- _REQUIREMENT_:
Of the material below, the lines to be retyped are those from the line containing "obs竖版摄像头尺寸怎么调跟手机摄像头一样" through the line containing "Men is playing with his dog emoji", inclusive; reproduce them exactly.

- _DATA SHOWN_:
■ ■ ■ ■ ■ ■ ■

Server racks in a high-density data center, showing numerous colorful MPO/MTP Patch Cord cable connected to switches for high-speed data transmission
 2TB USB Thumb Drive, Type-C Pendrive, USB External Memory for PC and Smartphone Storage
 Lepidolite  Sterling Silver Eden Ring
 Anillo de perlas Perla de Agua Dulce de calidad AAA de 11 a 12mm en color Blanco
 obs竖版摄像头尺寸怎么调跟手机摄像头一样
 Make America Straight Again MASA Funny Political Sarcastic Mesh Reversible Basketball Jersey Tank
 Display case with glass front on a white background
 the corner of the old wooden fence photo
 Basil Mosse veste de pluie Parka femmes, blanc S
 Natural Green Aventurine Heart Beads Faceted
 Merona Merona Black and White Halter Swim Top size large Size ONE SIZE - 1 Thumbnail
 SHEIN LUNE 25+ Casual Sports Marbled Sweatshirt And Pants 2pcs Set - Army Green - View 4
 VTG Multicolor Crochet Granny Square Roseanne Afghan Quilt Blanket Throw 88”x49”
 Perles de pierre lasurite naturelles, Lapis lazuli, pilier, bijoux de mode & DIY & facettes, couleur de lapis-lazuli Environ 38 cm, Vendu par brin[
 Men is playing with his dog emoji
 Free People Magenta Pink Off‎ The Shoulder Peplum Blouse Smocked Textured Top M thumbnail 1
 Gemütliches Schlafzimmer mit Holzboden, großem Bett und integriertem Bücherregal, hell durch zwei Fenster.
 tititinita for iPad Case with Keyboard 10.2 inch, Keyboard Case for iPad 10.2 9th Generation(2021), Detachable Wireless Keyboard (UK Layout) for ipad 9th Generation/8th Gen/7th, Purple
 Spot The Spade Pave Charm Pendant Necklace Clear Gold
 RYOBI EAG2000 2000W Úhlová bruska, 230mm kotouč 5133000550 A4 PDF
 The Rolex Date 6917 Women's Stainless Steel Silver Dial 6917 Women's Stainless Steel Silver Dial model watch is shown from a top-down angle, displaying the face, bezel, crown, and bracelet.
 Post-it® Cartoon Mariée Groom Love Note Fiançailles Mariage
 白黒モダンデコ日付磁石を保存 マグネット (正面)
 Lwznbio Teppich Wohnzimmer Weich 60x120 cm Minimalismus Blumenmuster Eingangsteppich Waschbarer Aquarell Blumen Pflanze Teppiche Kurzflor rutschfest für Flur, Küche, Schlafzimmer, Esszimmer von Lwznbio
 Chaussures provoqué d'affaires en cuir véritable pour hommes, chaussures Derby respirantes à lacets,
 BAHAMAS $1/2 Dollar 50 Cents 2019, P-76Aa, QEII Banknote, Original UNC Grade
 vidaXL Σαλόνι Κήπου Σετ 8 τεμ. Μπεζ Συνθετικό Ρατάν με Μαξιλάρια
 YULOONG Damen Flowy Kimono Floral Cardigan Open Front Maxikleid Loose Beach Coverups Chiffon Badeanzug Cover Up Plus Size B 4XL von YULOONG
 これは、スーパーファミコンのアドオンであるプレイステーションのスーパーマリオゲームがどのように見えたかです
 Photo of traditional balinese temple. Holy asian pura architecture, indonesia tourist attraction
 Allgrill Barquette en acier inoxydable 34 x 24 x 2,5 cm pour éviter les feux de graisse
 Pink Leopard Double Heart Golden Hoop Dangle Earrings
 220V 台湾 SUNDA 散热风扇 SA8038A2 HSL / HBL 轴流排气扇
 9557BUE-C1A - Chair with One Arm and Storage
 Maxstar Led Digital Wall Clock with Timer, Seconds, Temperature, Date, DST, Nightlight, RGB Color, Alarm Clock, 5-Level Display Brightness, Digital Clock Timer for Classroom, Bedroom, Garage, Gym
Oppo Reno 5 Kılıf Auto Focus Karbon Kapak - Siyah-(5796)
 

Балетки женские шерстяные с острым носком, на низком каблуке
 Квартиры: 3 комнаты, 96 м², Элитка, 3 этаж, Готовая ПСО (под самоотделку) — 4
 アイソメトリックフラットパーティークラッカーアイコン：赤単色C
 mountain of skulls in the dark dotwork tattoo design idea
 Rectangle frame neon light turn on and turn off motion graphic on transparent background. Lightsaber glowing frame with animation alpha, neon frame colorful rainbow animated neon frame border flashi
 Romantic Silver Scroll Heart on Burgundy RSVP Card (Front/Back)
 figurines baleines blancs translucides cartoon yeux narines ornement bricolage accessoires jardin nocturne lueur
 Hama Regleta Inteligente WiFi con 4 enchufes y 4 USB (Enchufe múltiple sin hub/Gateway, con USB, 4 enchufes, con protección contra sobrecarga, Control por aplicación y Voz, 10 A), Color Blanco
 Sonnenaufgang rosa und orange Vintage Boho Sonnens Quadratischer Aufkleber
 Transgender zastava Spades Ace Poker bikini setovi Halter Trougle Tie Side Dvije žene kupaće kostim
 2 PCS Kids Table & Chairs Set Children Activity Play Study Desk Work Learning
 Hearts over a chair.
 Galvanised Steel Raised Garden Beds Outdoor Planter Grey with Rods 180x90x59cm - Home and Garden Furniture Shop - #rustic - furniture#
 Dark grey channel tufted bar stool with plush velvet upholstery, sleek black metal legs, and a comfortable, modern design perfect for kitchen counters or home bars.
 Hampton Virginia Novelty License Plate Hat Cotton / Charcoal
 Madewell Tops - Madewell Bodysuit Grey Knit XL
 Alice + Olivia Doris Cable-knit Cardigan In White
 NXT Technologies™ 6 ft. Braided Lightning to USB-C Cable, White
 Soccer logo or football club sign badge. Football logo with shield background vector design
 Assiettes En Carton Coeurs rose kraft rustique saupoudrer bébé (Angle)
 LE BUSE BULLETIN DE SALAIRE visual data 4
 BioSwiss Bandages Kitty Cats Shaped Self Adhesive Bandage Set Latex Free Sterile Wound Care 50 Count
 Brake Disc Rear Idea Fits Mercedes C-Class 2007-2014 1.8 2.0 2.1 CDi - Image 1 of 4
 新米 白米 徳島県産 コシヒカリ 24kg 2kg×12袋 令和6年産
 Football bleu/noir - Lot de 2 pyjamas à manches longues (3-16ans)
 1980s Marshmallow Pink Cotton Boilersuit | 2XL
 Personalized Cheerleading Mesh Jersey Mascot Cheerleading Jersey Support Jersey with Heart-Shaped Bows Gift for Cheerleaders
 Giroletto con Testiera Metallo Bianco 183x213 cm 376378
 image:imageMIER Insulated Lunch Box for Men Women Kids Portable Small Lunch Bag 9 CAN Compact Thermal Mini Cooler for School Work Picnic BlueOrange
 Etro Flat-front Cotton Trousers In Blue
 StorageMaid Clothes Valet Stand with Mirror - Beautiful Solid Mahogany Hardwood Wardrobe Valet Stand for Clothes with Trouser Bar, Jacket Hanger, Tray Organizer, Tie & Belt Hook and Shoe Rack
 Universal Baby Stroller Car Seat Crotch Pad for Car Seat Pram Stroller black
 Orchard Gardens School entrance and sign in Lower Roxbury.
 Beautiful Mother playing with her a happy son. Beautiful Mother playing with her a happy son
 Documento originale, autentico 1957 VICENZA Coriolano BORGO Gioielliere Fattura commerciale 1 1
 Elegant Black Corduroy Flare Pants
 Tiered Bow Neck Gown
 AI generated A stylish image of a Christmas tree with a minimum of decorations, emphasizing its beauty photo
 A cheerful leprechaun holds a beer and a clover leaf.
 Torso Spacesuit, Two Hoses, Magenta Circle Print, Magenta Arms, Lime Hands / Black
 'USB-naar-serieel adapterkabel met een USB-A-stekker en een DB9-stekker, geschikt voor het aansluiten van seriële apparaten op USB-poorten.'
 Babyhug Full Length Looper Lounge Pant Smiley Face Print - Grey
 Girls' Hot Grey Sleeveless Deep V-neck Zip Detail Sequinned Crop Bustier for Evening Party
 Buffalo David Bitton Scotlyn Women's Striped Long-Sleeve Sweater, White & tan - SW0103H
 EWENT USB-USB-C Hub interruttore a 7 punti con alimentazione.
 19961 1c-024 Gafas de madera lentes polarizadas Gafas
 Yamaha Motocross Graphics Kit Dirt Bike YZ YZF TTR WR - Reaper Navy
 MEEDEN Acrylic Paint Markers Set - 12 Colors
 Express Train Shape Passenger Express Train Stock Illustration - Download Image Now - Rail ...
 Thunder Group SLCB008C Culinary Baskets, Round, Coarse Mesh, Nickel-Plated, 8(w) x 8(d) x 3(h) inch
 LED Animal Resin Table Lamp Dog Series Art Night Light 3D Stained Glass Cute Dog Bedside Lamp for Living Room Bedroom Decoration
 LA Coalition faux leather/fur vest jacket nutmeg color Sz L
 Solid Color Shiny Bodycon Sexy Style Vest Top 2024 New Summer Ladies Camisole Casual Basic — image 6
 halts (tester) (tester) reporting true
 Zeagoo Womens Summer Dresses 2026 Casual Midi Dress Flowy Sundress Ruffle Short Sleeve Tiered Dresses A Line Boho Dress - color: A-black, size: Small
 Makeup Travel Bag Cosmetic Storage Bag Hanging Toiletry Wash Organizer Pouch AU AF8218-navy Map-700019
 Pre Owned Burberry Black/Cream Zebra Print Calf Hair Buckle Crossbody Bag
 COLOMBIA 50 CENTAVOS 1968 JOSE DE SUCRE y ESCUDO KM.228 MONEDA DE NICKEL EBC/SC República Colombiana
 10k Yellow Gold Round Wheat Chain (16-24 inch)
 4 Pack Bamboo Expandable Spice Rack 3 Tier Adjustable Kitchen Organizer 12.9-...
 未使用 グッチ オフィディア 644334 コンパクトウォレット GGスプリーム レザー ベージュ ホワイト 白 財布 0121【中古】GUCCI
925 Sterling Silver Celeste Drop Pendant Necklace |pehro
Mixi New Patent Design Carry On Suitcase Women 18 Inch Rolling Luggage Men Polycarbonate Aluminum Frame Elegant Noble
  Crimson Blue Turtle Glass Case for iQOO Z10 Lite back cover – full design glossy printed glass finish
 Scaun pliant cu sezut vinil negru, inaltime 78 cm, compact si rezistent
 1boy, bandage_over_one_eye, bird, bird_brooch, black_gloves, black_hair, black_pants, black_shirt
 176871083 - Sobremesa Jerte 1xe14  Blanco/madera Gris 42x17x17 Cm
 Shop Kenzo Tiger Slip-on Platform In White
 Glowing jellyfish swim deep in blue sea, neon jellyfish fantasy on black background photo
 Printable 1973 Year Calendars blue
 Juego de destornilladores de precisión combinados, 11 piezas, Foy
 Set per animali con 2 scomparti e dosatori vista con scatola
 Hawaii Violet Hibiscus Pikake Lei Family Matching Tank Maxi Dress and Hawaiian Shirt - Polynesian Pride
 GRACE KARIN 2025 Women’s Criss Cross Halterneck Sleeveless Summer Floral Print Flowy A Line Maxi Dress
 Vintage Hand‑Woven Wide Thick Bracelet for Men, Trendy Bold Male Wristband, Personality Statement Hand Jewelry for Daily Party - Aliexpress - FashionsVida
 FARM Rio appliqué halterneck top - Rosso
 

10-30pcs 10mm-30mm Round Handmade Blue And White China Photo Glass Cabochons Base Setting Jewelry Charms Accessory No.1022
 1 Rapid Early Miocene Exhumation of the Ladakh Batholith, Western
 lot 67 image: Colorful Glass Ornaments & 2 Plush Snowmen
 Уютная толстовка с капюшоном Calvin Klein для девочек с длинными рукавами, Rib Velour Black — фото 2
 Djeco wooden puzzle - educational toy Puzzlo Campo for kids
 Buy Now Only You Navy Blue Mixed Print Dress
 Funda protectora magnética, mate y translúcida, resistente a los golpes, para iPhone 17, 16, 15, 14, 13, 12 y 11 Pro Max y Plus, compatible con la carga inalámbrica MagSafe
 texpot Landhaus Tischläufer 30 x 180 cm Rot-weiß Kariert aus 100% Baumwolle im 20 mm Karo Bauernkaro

■ ■ ■ ■ ■ ■ ■

- _ANSWER TO THIS EXERCISE_:
 obs竖版摄像头尺寸怎么调跟手机摄像头一样
 Make America Straight Again MASA Funny Political Sarcastic Mesh Reversible Basketball Jersey Tank
 Display case with glass front on a white background
 the corner of the old wooden fence photo
 Basil Mosse veste de pluie Parka femmes, blanc S
 Natural Green Aventurine Heart Beads Faceted
 Merona Merona Black and White Halter Swim Top size large Size ONE SIZE - 1 Thumbnail
 SHEIN LUNE 25+ Casual Sports Marbled Sweatshirt And Pants 2pcs Set - Army Green - View 4
 VTG Multicolor Crochet Granny Square Roseanne Afghan Quilt Blanket Throw 88”x49”
 Perles de pierre lasurite naturelles, Lapis lazuli, pilier, bijoux de mode & DIY & facettes, couleur de lapis-lazuli Environ 38 cm, Vendu par brin[
 Men is playing with his dog emoji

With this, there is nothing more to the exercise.